An alternative approach would be to have the trading system handle the problem, For example, one could program the system to convert limit orders to market orders if a trade occurs at the limit price (MIT), or after x seconds after the limit price is touched. Again, however, there is no way to know in advance whether such action will produce a positive outcome, or an even worse outcome compared to leaving the limit order in place.

In reality, intervention, whether manual or automated, is unlikely to improve the trading performance of the system. What is certain, however, is that by forcing the entry and exit of trades that occur around the extreme of a price bar, the trader will incur additional costs by crossing the spread. Incurring that cost for perhaps as many as 1/3 of all trades, in a system that is producing, on average less than half a tick per trade, is certain to destroy its profitability.

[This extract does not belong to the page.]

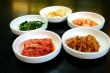 Bowls of kimchi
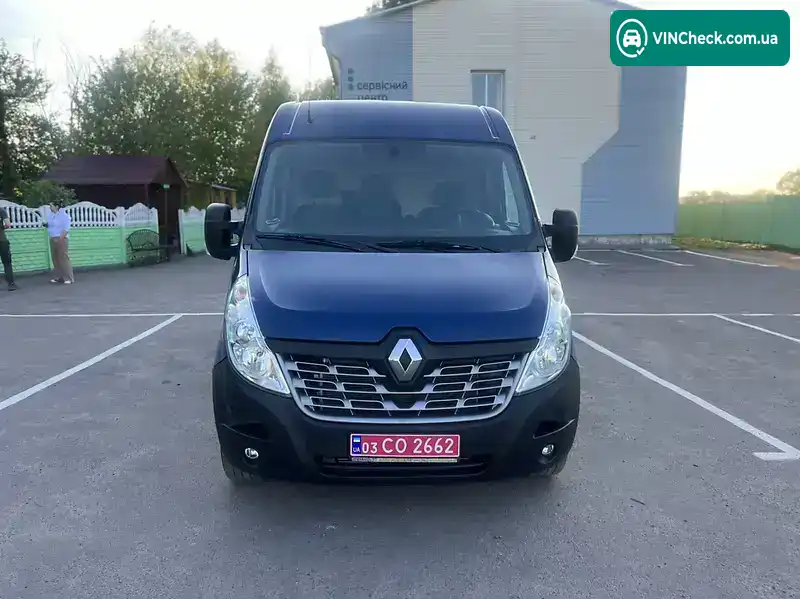 Renault Master 2019, фото з оголошення 2 з 20, VIN VF1MA000463311497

For many years I assumed that the only solution to the fill rate problem was to implement scalping strategies on HFT infrastructure. One day, I found myself asking the question: what would happen if we slowed the strategy down? Specifically, suppose we took the 3-minute E-Mini strategy and ran it on 5-minute bars?

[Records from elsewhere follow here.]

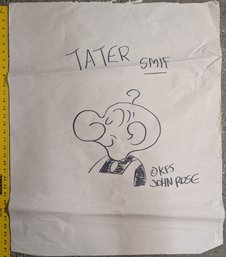 Tater Smif Sketch By John Rose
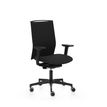 2012349447734-Fauteuil de bureau ergonomique ATIKA - accoudoirs en option - appui-tête non inclus - noir--1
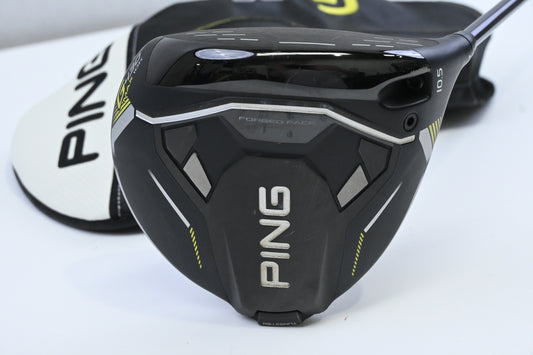 Ping G430 Max 10K Driver / 10.5 Degree / Stiff Flex Ping Tour 2.0 Black 65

My first realization was that the relative simplicity of alpha-generation algorithms in HFT strategies is an advantage here. In a low frequency context, the complexity of the alpha extraction process mitigates its ability to generalize to other assets or time-frames. But HFT algorithms are, by and large, simple and generic: what works on 3-minute bars for the E-Mini futures might work on 5-minute bars in E-Minis, or even in SPY. For instance, if the essence of the algorithm is something as simple as: “buy when the price falls by more than x% below its y-bar moving average”, that approach might work on 3-minute, 5-minute, 60-minute, or even daily bars.

So what happens if we run the E-mini scalping system on 5-minute bars instead of 3-minute bars?

Obviously the overall profitability of the strategy is reduced, in line with the lower number of trades on this slower time-scale. But note that average trade has increased and the strategy remains very profitable overall.

More importantly, the average extreme hit rate has fallen from 34% to 22%.

Hence, not only do we get fewer, slightly more profitable trades, but a much lower proportion of them occur at the extreme of the 5-minute bars. Consequently the fill-rate issue is less critical on this time frame.

Of course, one can continue this process. What about 10-minute bars, or 30-minute bars? What one tends to find from such experiments is that there is a time frame that optimizes the trade-off between strategy profitability and fill rate dependency.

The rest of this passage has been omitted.